Cusin, the holder of a Uefa Pro Licence, is a well-travelled coach who has experienced football on almost every continent. He is not new to African football. At the beginning of the millennium, he worked with the federations of the Republic of Congo and Cameroon to develop coaches and players. Later, he guided Ittihad Tripoli to the Libyan title in 2009.

“In Africa, players have the possibility to play all day long. Football is everywhere here. Street corners, amateur clubs, youth, pros… literally everywhere. As a coach, it’s a privilege to work in this great source of raw and ready talents.”

Countries under construction

He went from Africa to the Middle East, where he helped Inter Milan legend Walter Zenga at Al-Nassr in Saudi Arabia, and Al-Jazira Abu Dhabi and Al-Nasr Dubai in the United Arab Emirates. “In the Middle East, you need to understand the character of each player. Only then you’ll know how to guide him for improvement. The personal connection is the key there,” says Cusin.

Later, he took over Emirati side Fujairah as head coach, and in 2015 got an exciting and unexpected offer from Palestine. He became the coach of Ahli Al-Khaleel, a small club from Hebron, and just as in South Sudan he arrived at a place in the process of building. In the West Bank, aside from the building process, there is an ongoing occupation and military rule in certain parts by the Israeli army. Roadblocks, confrontations between the military and residents, barricades, players being arrested and referees arriving late at games after being delayed on the roads are commonplace. 

But this did not stop Cusin from succeeding with the team. He guided Al-Ahli to their first derby victory (4-0 against Shabab Al-Khaleel) and four trophies in six months. Overall, he made Al-Ahli the best team in Palestine. But while the project in Hebron seemed to reach new heights, Cusin left after board members attempted to intervene in professional decisions. Although Cusin moved on a bit frustrated, the solid foundation he left at the club kept Al-Ahli at the top of the Palestinian game for three years in a row. In recent years Cusin worked in South Africa (a three-month stint as technical director at Black Leopards), Cyprus and Iran, before taking the South Sudanese job.

27 September 2016: From left, Stefano Cusin celebrates with Prince Oniangue after his goal drew Wolves level with Wigan Athletic at 1-1 during a Championship game in Wigan, England. (Photograph by Sam Bagnall – AMA/ Getty Images)

“In all these countries, I met wonderful people that for them, football is a pure moment of freedom. Away from the daily troubles. You are free to play, to feel, to be angry, to celebrate. This is what gives me the drive to work in such countries. It means more, and this is why I love being a football coach, especially in these places.”

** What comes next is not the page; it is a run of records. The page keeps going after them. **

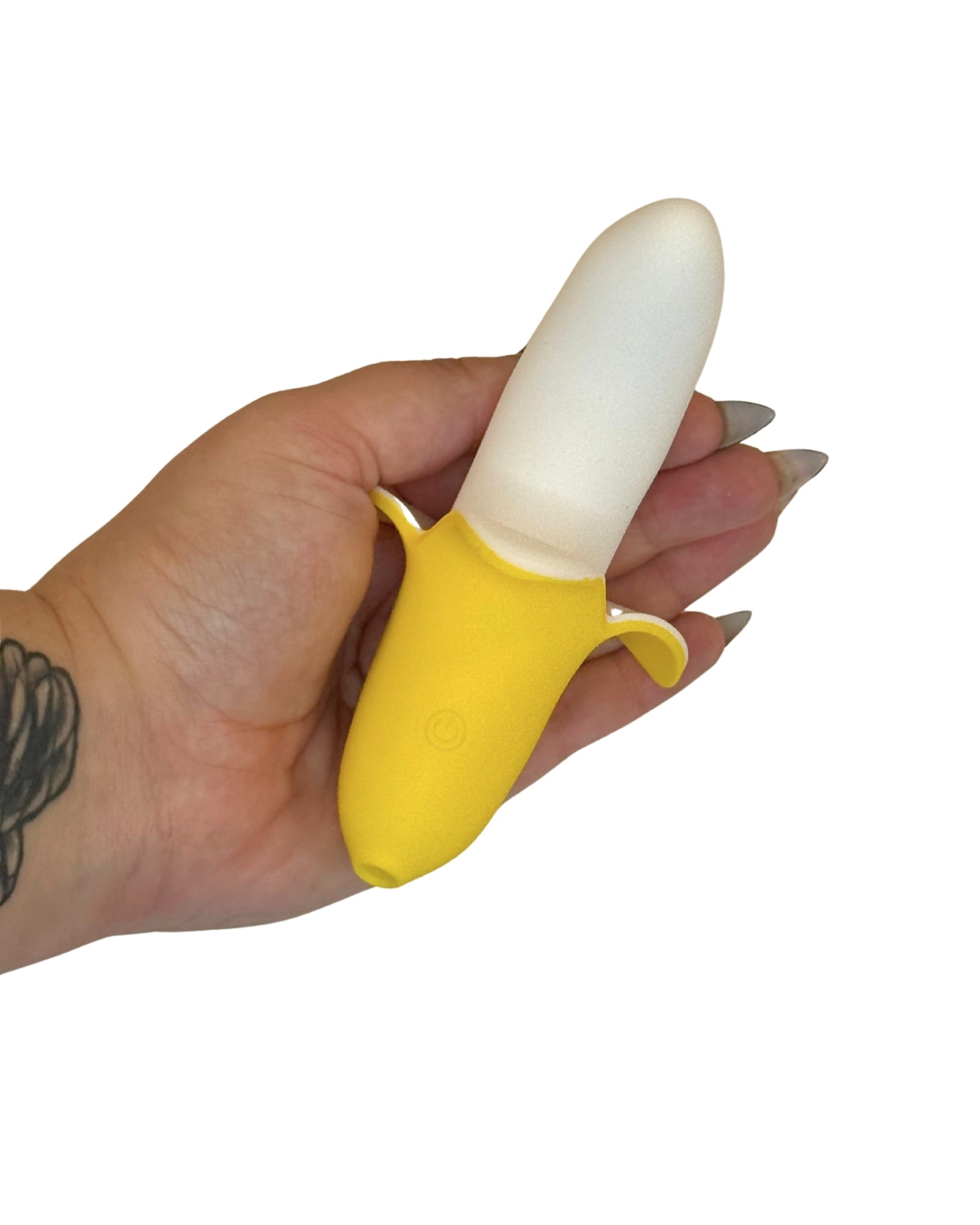 Brand X toys Buzzy Banana multi-speed vibrator showing power button on handle, held in palm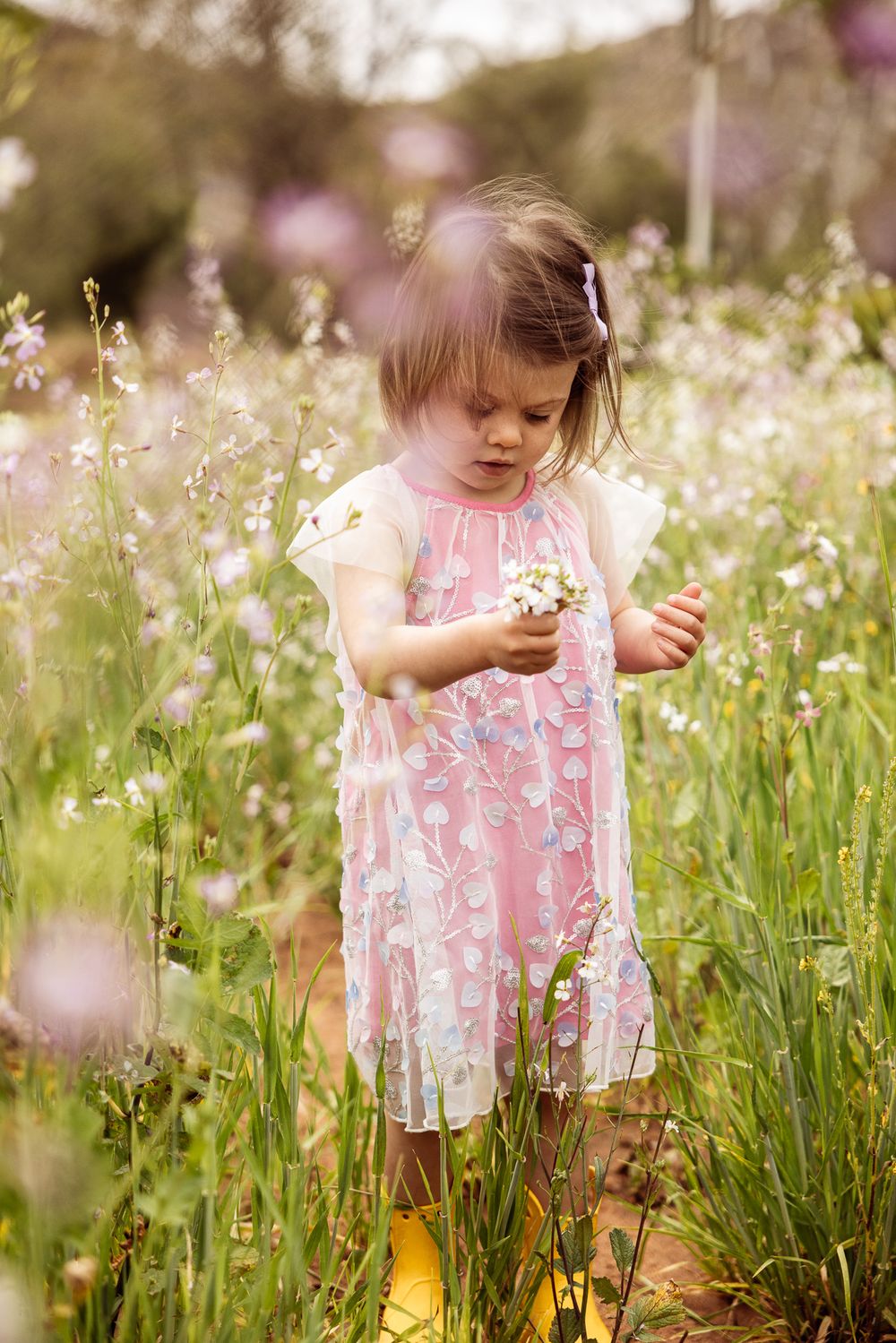 Child in a pink floral dress exploring wildflowers in a sunny meadow.
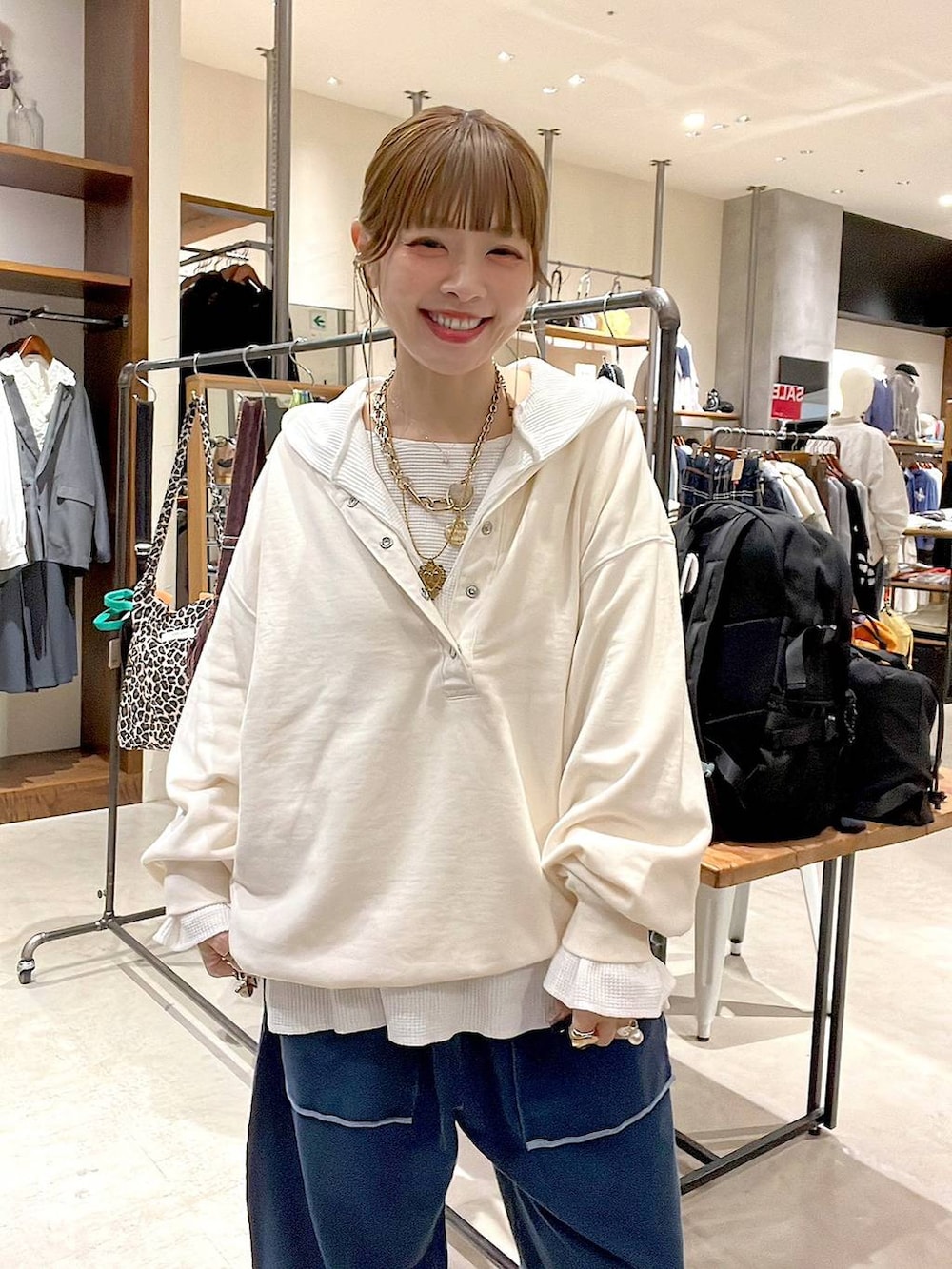 ベージュ系のショルダーバッグ、ホワイト系のパーカー、ホワイト系のTシャツ/カットソーを着用したレディースの冬コーディネートの2枚目の写真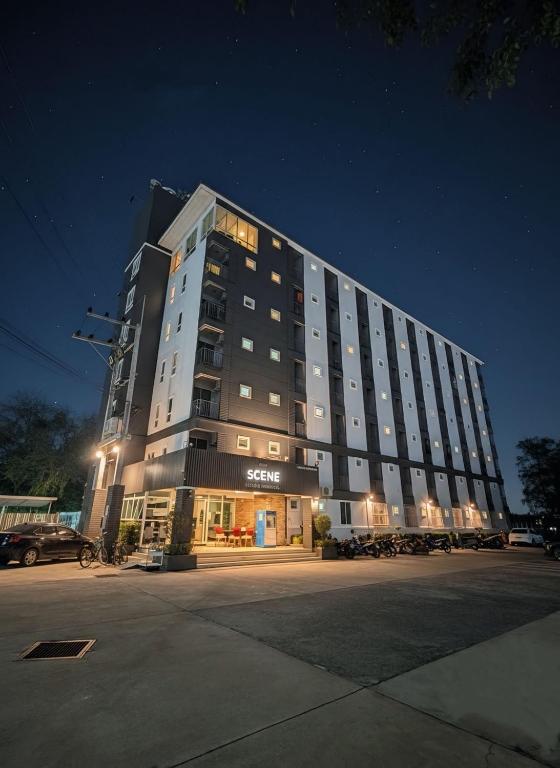 a large building is lit up at night at The Sceneสุพรรณบุรี in Suphan Buri
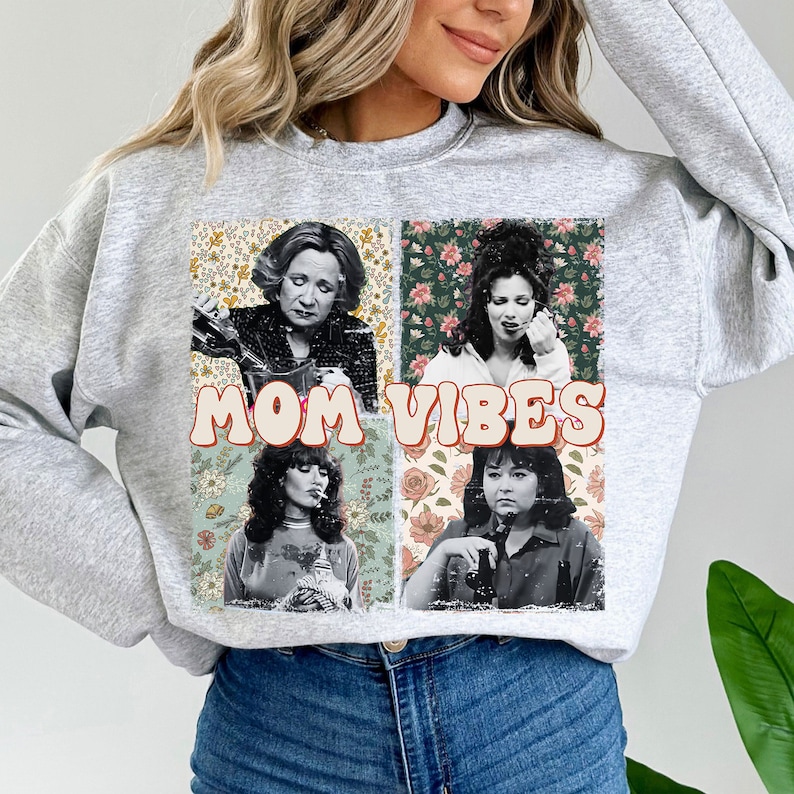 May include: Gray sweatshirt with a vintage-style graphic featuring four women's faces and the text "MOM VIBES" in colorful letters. The graphic is surrounded by floral patterns.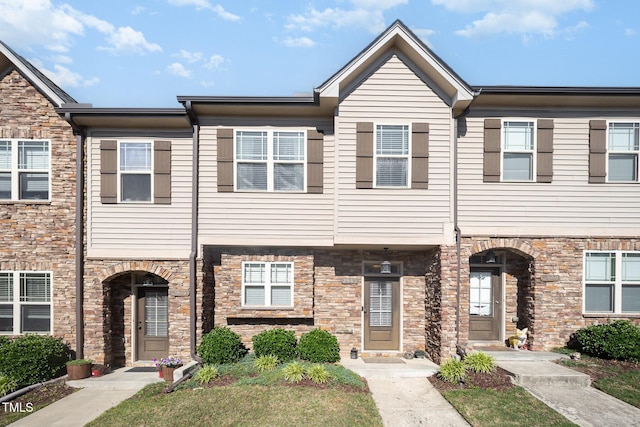 townhome / multi-family property with stone siding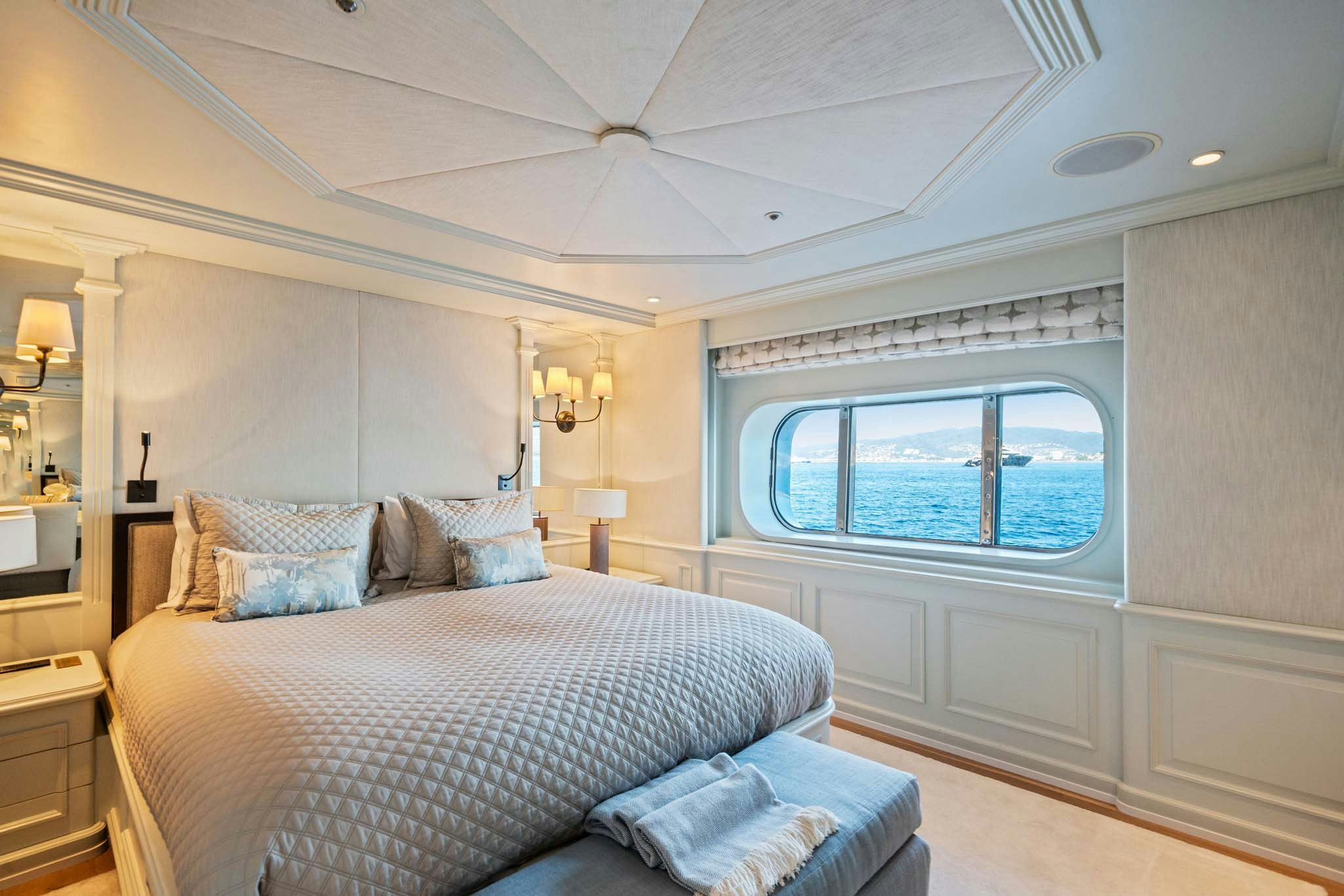 a bedroom with a large bed aboard MOSAIQUE Yacht for Charter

This is why he didn’t think twice when the opportunity arose to go to Juba and take over the South Sudanese national team. “Look, I had a few past experiences that were poor, with presidents that got into my work. I was thrilled to see the approach to the project here in South Sudan. 

“The good thing I forgot [is] how Africa is passionate about football,” says Cusin. “I forgot how 3 000 people are gathering around the field to see the first training. I forgot how much the life can be beautiful when the game is in every heartbeat of the people. I feel I am in the right place to make what I was looking for, a real project.”

Available talent

Cusin has been addicted to projects throughout his career. Not all have been successful, of course. “Project is key in football. When I am starting to coach a team, I am looking for a serious, well-rounded programme that lets me put one rock on another rock and in the end, we will build a house,” he says. 

“Here, we are building a proud South Sudanese football structure. The home of South Sudanese football, if you would like.”

These days, developing football nations look for overseas players whose talents have been nurtured in more developed football countries but whose origins are in their country to anchor the national team. But Cusin thinks differently.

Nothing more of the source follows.